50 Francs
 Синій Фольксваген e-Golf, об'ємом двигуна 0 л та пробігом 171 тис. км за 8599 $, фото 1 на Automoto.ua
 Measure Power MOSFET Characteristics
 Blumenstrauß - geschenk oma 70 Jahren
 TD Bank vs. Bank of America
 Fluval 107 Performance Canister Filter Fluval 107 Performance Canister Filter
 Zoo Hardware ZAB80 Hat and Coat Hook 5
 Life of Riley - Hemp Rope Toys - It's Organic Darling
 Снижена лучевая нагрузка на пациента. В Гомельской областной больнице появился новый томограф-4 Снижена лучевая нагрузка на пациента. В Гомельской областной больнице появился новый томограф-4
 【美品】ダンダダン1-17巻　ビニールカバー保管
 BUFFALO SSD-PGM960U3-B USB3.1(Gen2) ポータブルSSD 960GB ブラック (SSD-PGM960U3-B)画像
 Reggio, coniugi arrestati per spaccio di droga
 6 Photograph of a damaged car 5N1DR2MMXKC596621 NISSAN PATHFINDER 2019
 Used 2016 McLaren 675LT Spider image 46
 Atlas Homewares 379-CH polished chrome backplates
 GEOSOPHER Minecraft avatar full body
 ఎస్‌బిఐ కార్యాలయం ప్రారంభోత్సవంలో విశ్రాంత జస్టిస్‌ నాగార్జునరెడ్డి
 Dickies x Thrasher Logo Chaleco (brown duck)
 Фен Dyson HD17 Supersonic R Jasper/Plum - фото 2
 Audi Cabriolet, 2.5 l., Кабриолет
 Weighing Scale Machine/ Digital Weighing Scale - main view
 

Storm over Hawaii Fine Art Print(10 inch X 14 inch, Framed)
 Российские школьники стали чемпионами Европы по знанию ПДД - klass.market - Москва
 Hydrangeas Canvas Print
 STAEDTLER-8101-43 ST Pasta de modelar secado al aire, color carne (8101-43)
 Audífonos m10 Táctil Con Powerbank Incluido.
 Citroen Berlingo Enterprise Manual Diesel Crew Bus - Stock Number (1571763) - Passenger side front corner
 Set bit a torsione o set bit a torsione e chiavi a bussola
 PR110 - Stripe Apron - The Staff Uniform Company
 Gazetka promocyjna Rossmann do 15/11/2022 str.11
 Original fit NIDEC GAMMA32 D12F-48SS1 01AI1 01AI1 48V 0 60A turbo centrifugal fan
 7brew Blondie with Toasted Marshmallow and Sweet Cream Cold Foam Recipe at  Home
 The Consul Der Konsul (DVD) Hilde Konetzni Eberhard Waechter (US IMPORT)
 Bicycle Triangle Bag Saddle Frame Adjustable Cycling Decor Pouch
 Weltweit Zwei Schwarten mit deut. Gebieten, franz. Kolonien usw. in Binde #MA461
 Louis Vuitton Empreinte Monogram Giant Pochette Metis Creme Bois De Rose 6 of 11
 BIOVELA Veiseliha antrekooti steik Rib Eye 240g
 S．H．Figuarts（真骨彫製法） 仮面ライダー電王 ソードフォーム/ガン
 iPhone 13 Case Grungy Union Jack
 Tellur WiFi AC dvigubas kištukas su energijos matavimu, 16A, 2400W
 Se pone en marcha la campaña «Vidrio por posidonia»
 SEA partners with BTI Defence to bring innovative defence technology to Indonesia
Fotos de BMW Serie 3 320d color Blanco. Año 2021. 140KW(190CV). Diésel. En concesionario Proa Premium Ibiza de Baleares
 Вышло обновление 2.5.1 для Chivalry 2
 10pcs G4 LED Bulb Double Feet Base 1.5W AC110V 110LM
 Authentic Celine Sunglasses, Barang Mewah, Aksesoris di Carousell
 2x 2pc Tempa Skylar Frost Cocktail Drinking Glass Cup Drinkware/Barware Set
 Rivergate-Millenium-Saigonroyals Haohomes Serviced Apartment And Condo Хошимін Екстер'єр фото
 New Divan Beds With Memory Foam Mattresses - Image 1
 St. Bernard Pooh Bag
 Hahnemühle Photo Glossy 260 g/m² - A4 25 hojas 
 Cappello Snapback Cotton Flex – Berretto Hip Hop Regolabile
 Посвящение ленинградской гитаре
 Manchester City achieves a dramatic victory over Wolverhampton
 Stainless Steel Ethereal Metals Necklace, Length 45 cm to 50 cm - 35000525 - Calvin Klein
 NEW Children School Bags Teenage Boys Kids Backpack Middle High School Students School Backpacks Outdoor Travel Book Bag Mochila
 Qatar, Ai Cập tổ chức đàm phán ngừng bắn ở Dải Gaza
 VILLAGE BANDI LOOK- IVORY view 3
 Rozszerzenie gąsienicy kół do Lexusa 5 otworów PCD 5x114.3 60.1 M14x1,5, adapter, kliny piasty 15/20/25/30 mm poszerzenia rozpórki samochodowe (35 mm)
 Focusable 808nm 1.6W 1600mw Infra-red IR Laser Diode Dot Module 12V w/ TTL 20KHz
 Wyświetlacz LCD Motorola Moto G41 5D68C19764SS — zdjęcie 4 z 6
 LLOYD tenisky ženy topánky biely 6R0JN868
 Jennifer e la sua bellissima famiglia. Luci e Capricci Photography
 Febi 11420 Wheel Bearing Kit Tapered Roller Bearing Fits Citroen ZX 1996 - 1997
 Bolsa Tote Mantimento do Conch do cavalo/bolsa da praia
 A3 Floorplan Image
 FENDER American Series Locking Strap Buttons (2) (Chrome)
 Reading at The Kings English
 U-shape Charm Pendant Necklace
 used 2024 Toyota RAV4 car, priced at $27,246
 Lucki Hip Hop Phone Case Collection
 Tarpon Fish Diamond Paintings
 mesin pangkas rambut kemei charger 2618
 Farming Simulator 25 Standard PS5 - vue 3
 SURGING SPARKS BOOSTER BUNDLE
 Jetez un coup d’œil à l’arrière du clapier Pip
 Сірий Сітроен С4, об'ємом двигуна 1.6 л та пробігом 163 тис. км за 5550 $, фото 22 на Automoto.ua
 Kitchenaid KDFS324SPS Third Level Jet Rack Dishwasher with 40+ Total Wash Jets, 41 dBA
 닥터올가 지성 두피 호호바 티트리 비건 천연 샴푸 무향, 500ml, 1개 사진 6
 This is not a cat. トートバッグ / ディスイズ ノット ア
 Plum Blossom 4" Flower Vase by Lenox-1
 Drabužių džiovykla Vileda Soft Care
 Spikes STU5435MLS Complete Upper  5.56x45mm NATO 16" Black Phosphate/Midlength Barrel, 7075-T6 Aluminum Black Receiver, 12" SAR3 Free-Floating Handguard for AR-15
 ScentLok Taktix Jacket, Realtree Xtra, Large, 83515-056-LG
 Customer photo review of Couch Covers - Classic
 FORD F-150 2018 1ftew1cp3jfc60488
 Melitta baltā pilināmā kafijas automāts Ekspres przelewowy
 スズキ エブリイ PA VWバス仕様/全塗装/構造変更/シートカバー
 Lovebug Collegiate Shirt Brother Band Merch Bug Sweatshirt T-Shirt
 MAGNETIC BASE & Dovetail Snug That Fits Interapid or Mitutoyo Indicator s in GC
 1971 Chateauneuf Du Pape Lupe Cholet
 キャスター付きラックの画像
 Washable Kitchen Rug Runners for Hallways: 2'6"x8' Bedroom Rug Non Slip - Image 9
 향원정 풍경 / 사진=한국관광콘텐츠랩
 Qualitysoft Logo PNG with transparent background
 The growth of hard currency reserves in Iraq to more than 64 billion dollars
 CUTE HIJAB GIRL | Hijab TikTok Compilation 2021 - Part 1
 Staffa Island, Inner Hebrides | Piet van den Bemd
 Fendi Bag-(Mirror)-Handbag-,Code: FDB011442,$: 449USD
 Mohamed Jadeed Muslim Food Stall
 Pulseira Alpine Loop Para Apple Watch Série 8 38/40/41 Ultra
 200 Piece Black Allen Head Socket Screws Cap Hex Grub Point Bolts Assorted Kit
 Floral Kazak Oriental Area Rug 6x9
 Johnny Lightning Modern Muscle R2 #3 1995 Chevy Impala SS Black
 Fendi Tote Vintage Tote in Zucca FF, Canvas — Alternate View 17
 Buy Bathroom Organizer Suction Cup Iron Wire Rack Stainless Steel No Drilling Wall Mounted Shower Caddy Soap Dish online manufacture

#####

WHAT TO WORK ON: Out of the listing above, reproduce exactly the lines from the one with "Farming Simulator 25 Standard PS5 - vue 3" up to and including the one with "Spikes STU5435MLS Complete".

SOLUTION TO THE EXERCISE:
 Farming Simulator 25 Standard PS5 - vue 3
 SURGING SPARKS BOOSTER BUNDLE
 Jetez un coup d’œil à l’arrière du clapier Pip
 Сірий Сітроен С4, об'ємом двигуна 1.6 л та пробігом 163 тис. км за 5550 $, фото 22 на Automoto.ua
 Kitchenaid KDFS324SPS Third Level Jet Rack Dishwasher with 40+ Total Wash Jets, 41 dBA
 닥터올가 지성 두피 호호바 티트리 비건 천연 샴푸 무향, 500ml, 1개 사진 6
 This is not a cat. トートバッグ / ディスイズ ノット ア
 Plum Blossom 4" Flower Vase by Lenox-1
 Drabužių džiovykla Vileda Soft Care
 Spikes STU5435MLS Complete Upper  5.56x45mm NATO 16" Black Phosphate/Midlength Barrel, 7075-T6 Aluminum Black Receiver, 12" SAR3 Free-Floating Handguard for AR-15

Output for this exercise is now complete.